Oggigiorno, infatti, l’uso consapevole delle tecnologie di networking (siano esse con o senza filo) deve essere inteso come parte integrante della politica di governo locale e centrale e quindi concepito, pianificato e gestito con gli stessi criteri che governano i servizi di pubblica utilità.

 

“L’utilizzo di frequenze basse, in particolare dei 900 mhz, per la creazione di reti di comunicazione wireless a banda larga rappresenta la soluzione ideale, anche rispetto al Wi-Max,  per vincere definitivamente la lotta al digital divide”, ha affermato Nicola De Carne, amministratore delegato Wi-Next.

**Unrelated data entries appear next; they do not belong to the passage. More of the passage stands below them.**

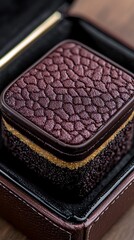 Fototapeta premium A small, textured, burgundy jewelry box with a gold accent, resting inside an open case on a wooden surface.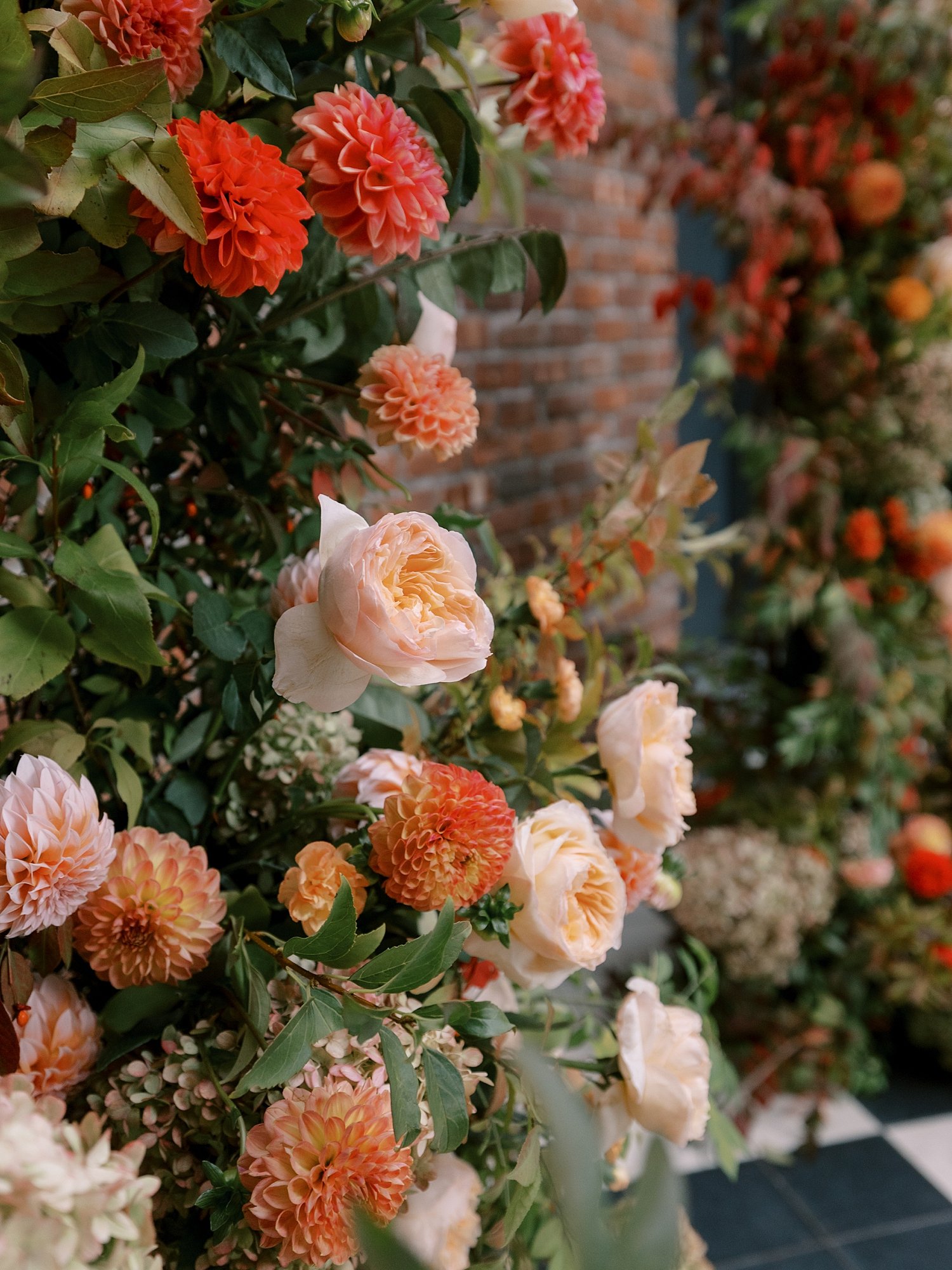 roses hang on wall for fall wedding ceremony at the Wythe Hotel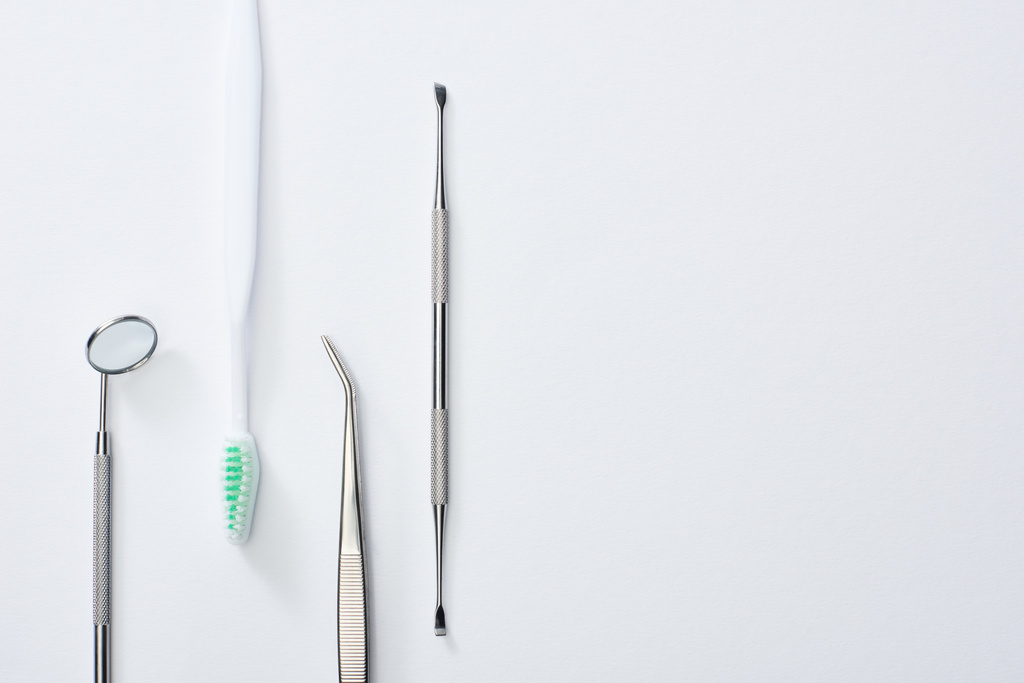 Bovenaanzicht van tandheelkundige instrumenten en tandenborstel op grijze achtergrond - Foto, afbeelding
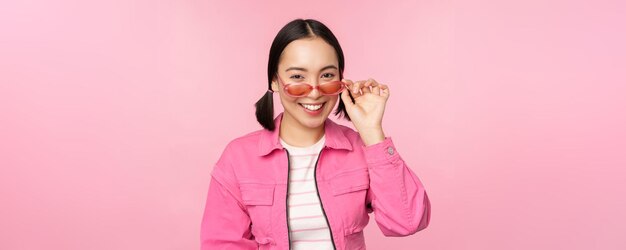 Eyewear advertisement Stylish modern asian girl touches sunglasses wears pink poses against studio background Copy space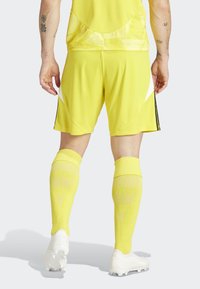 Heldere gele voetbaluniform met korte shorts, hoge sokken en witte voetbalschoenen. Kenmerken zijn de textuur van de stof en accenten aan de zijkant.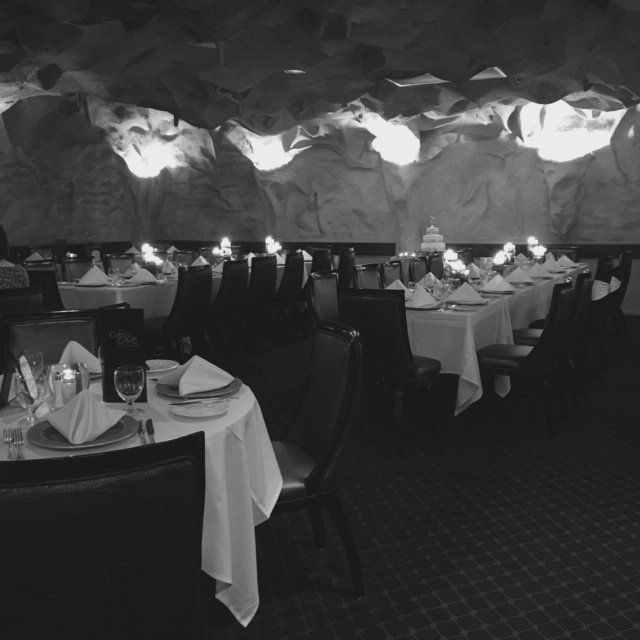 A black and white photo of a restaurant filled with tables and chairs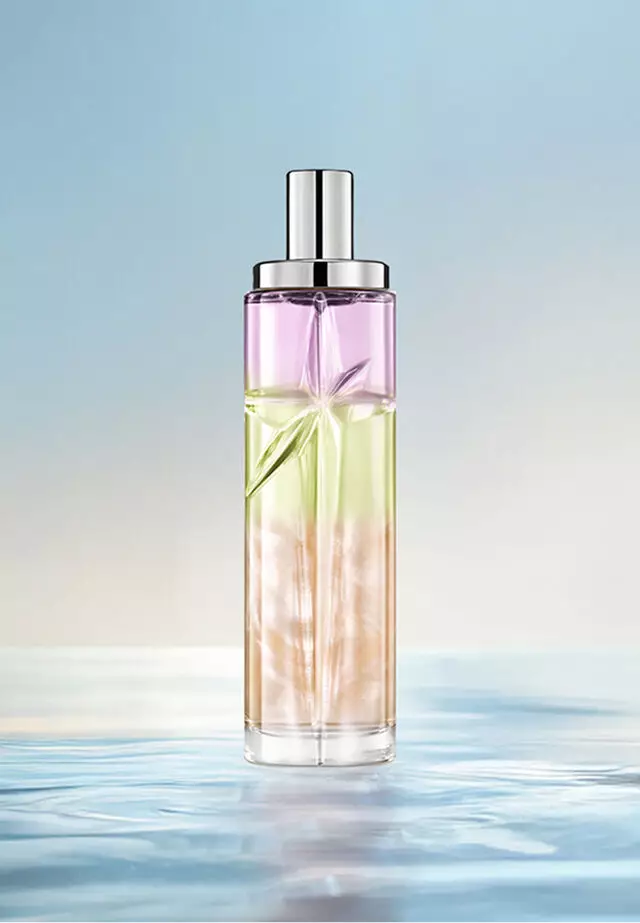 Recette de superposition de Starlicious Yummy Swirl : grand flacon présentant un dégradé violet, vert et orange sur l’eau, sur fond bleu doux. Parfum crémeux et tropical, aux notes subtiles de fruits à coque et rehaussé d’une touche de baies; 2 vaporisations de Pineapple Musk, 1 vaporisation de Pistachio Praline et 1 vaporisation de Berry Licorice.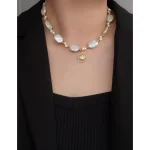Woman model wearing french vintage baroque freshwater pearl choker necklace with zircon pendant
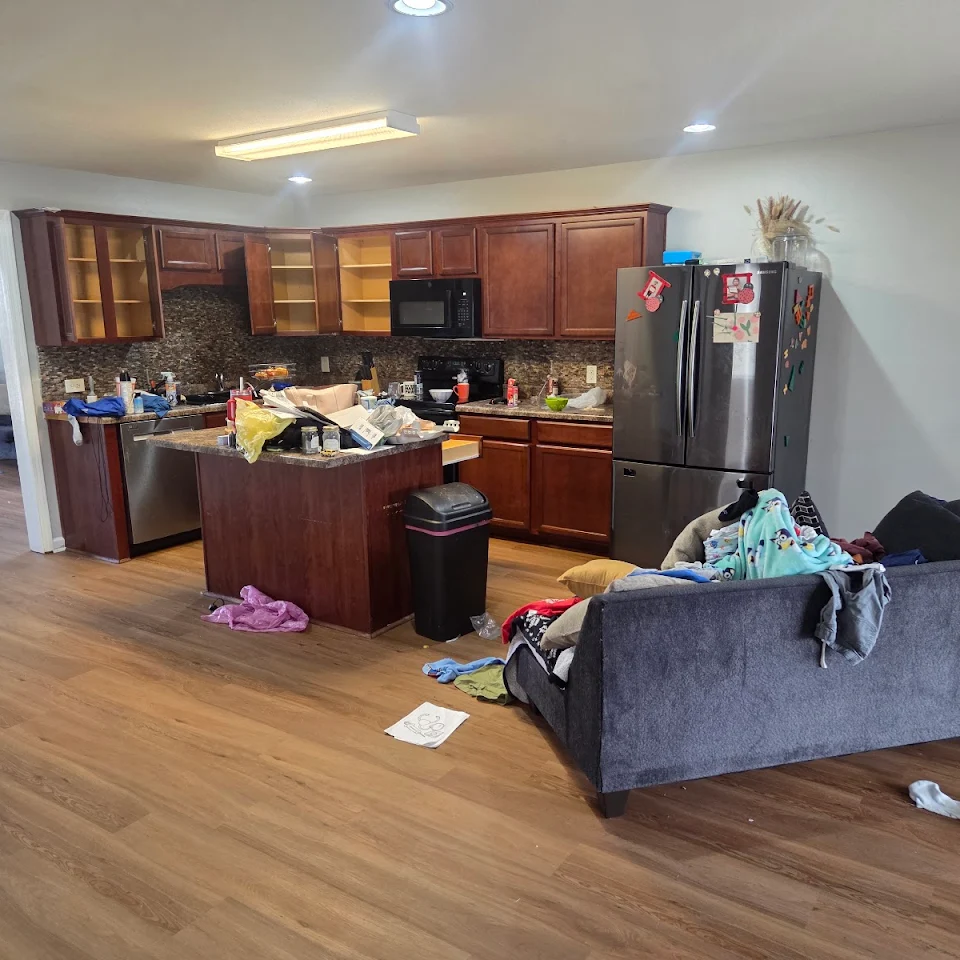 Kitchen and living room with junk before an apartment cleanout Kitchen and living room with junk before an apartment cleanout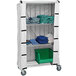 A Quantum white nylon cart cover on a white cart over shelves with white and blue towels.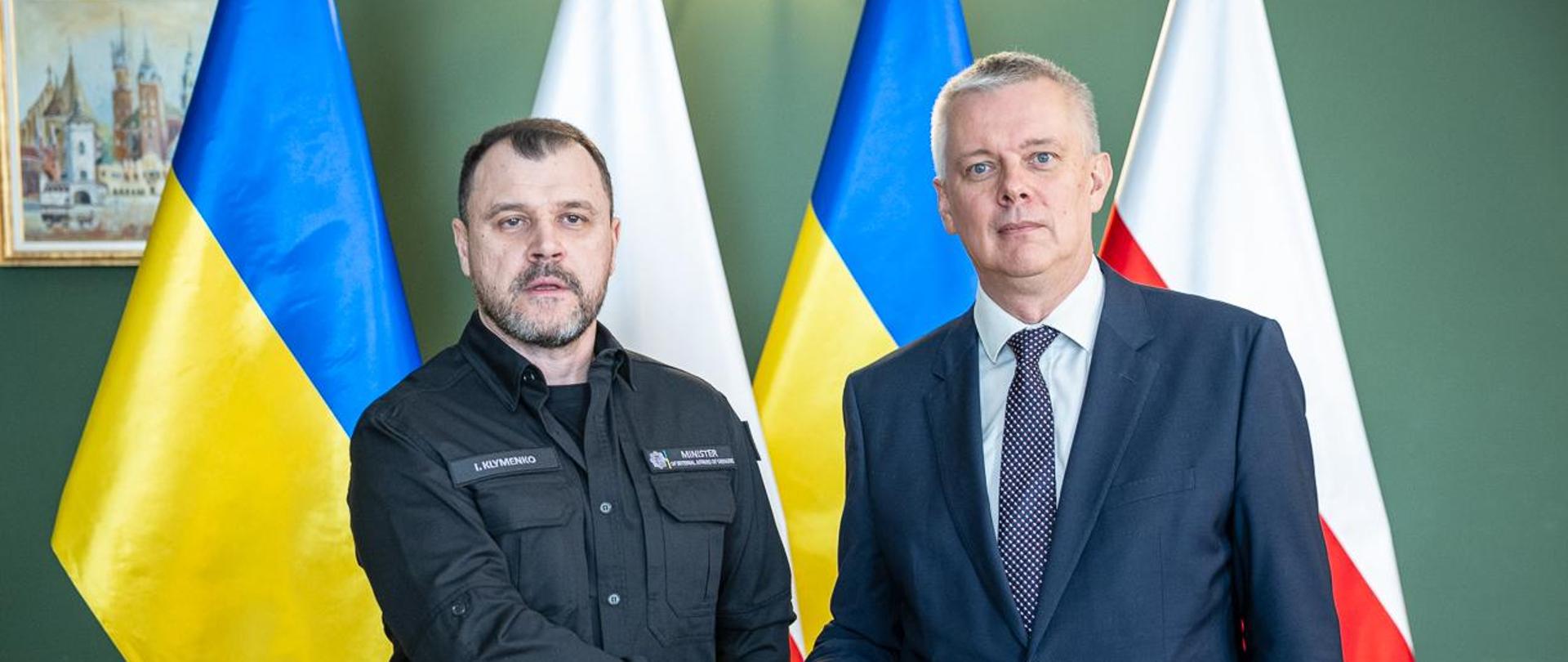 Ministrowie Tomasz Siemoniak i Ihor Kłymenko stoją na flagach polsko-ukraińskich i podają sobie ręce. 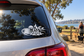 Black campfire coffee vinyl decal on car rear window, cup and flames design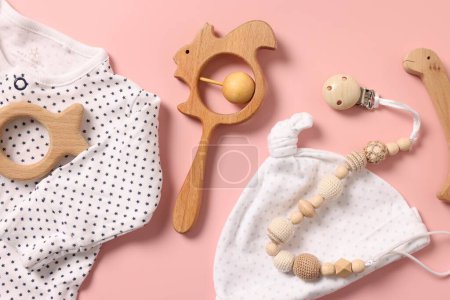 Diferentes accesorios para bebés sobre fondo rosa, cama plana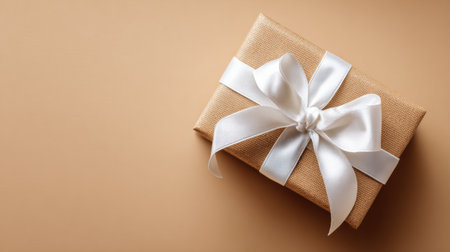 A beautifully wrapped gift featuring a white ribbon is positioned elegantly on a soft tan background, ideal for conveying a celebratory mood and excitement.の素材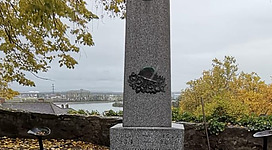 Kriegerdenkmal in Mauthausen: Ein hoher Obelisk aus Stein mit einem großen Eisenkreuz oben. Der Obelisk steht auf einem erhöhten Sockel und ist von Bäumen umgeben. Auf der Vorderseite des Sockels befinden sich Inschriften in einer anderen Sprache.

“Con questa proposta – ha aggiunto – abbiamo voluto porre all’Agcom un nuova visione sul possibile utilizzo della frequenza 900 mhz che presupporrebbe più che la sua liberalizzazione, la condivisione della stessa e delle infrastrutture di trasmissione  a favore delle comunità rurali che solitamente ospitano i siti dei ripetitori ma non possono usufruirne per la soluzione del proprio divario digitale”.

 

La consultazione Agcom, i cui termini per la presentazione di proposte si sono chiusi lo scorso mese di ottobre, era indirizzata a favorire da parte dell’organo ministeriale, l’acquisizione di commenti e informazioni sulla possibilità che le bande di frequenza a 900 e 1800 mhz (bande attualmente utilizzate per il GSM) siano utilizzate per lo sviluppo dei sistemi mobili di terza generazione o altre eventuali tecnologie equivalenti e verificare l’interesse del mercato per l’eventuale riutilizzo dei blocchi di frequenza a 2100 mhz già assegnati per l’UMTS e recentemente ritirate dall’Amministrazione. Tale consultazione è preordinata alla definizione di un quadro regolamentare.

 

L’iniziativa dell’organo ministeriale italiano Agcom (che ha il duplice compito di assicurare la corretta competizione degli operatori sul mercato e di tutelare i consumi di libertà fondamentali dei cittadini) è in linea con parallele iniziative prese in altri Paesi (europei e extracomunitari) e  precisi orientamenti posti in sede comunitaria.

 

L’interesse crescente che ovunque è sollevato dal refarming delle frequenze, in particolare quelle a 900 mhz, nasce innanzitutto da considerazioni di tipo tecnico: tale frequenza garantisce una migliore propagazione del segnale radioelettrico, una migliore penetrazione all’interno di edifici e quindi una maggiore estensione della copertura del territorio, rispetto a quella ottenibile nelle bande a 1800 mhz e 2100 mhz, con minori investimenti.

 

La proposta di Wi-Next esce in parte dai binari dello schema di consultazione proposto dall’Agcom, formalmente rivolto a verificare la fattibilità di alcune precise ipotesi di riassegnazione delle frequenze agli operatori telefonici esistenti, e suggerisce tre distinti piani di intervento a livello normativo, tecnologico e sociodemografico, la cui attuazione chiama in causa organi di governo nazionali e locali, responsabili oggi più che mai delle strategie e dello sviluppo delle telecomunicazioni.